TASK DIRECTIONS => Skip the pictures and write out, word for word, the lines below from the one with "MikroTik is booting" through the one with "When students share", inclusive.

INFORMATION GIVEN =>
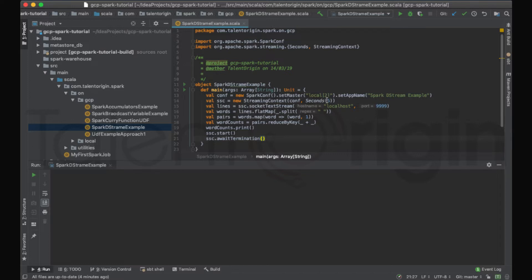With text file streaming, Spark will listen to a particular directory, and whenever a new file is added to that directory, that file will be fetched, read, and processed by Spark, generating output. So similar to how we listened to a particular port on a host, we'll be listening to a particular directory on a host. Whenever a file is added, it will be picked up by the Spark streaming service and handed over as an RDD of String.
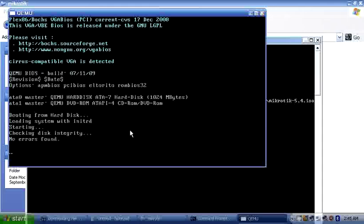MikroTik is booting for the first time from the virtual hard drive.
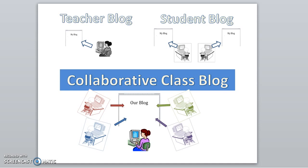When students share in the creation of a blog, especially young elementary students, the collaboration encourages them to write more and read more.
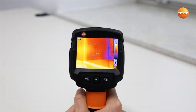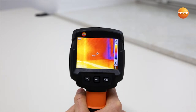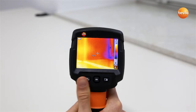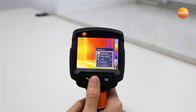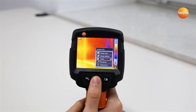The Quick Select button can be programmed with frequently needed functions such as the scale, the emissivity, or the image gallery. To program the Quick Select button, move the 5-way joystick to the right. In the display, the functions which can be allocated to the Quick Select button appear.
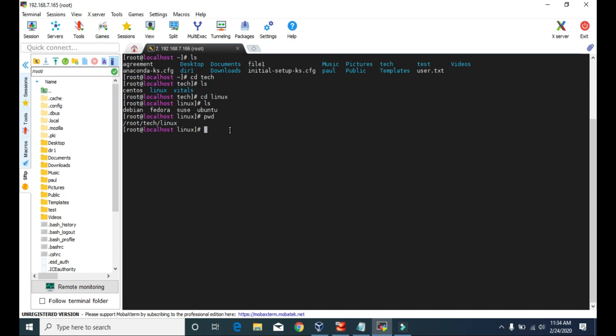If you want to go back one step — that is, if you want to go inside the tech directory — you can type cd space dot dot. Now you are inside the tech directory. If you want to go back one more step, you type cd dot dot again. Now we are in the root directory or the home directory.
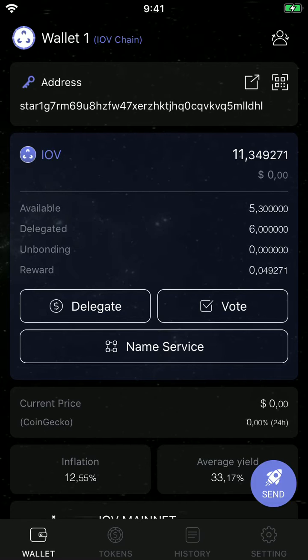Hello, today we're going to send a fraction of an IRIS to Jeffrey from irisnet using Cosmos Station wallet and the star name.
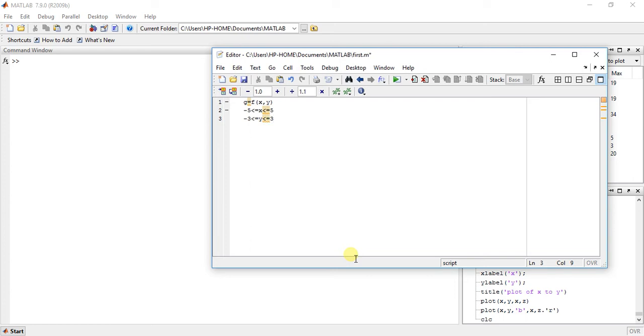And my g is x squared plus y squared. And I want to plot these things, plot such functions.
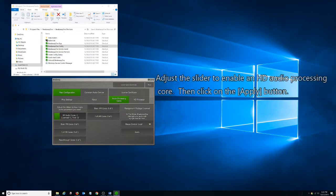Adjust the slider to enable an HD Audio Processing Core. Then click on the Apply button.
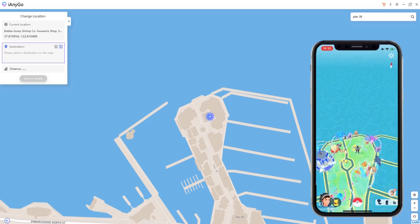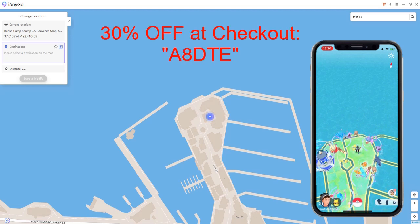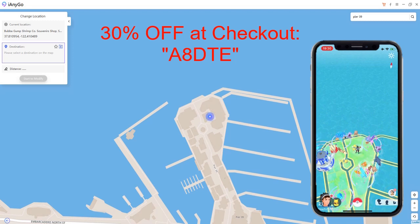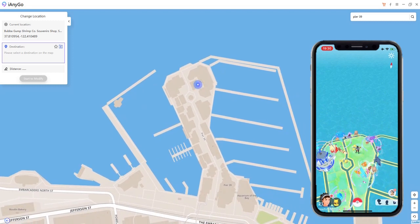We also have a link in the description which goes through a whole video on how to get this, and we have a giveaway for that as well, so go ahead and check that link out in the description. We will also have Tenorshare's links in the description with a 30% off discount code, and the code will also be on the screen in front of you. iAnyGo by Tenorshare allows you to spoof your Pokemon Go with no need to jailbreak, catch more Pokemon, and teleport around the world. This is spoofing method number one.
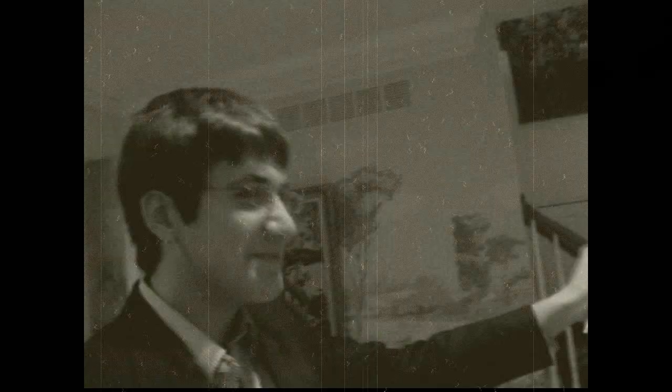He strongly supported the revolution, which began in 1789. He believed it would improve conditions, especially for the poor. Marat founded the newspaper L'Ami du Peuple, the friend of the people. The paper violently criticized those who opposed the revolution.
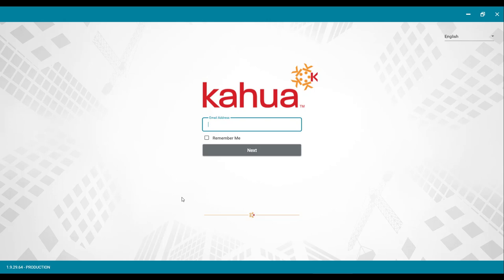Lastly, it is recommended that you use the LaunchKahuaFN.com website to open the desktop application once a week. This will ensure that you are getting the latest updates to the Kahua application.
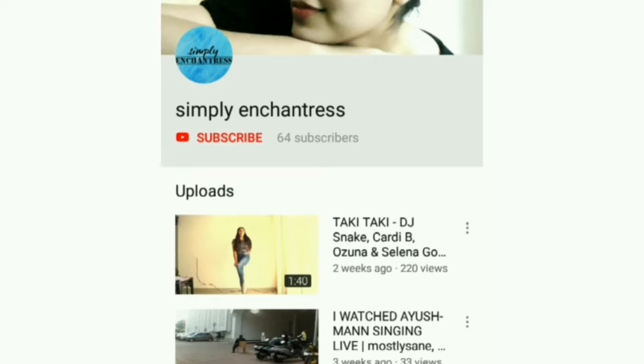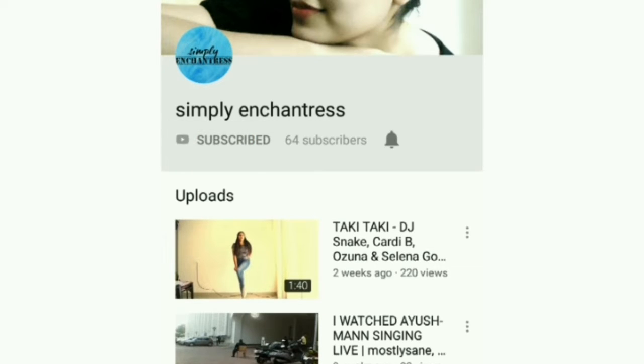Hit the subscribe button and click on the bell icon to get all the latest updates from Simply Enchanters. Hello everyone and welcome back to my channel. This is Vunjin and you're watching Simply Enchanters.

RESULT OF THE EXERCISE =>
MikroTik is booting for the first time from the virtual hard drive.
When students share in the creation of a blog, especially young elementary students, the collaboration encourages them to write more and read more.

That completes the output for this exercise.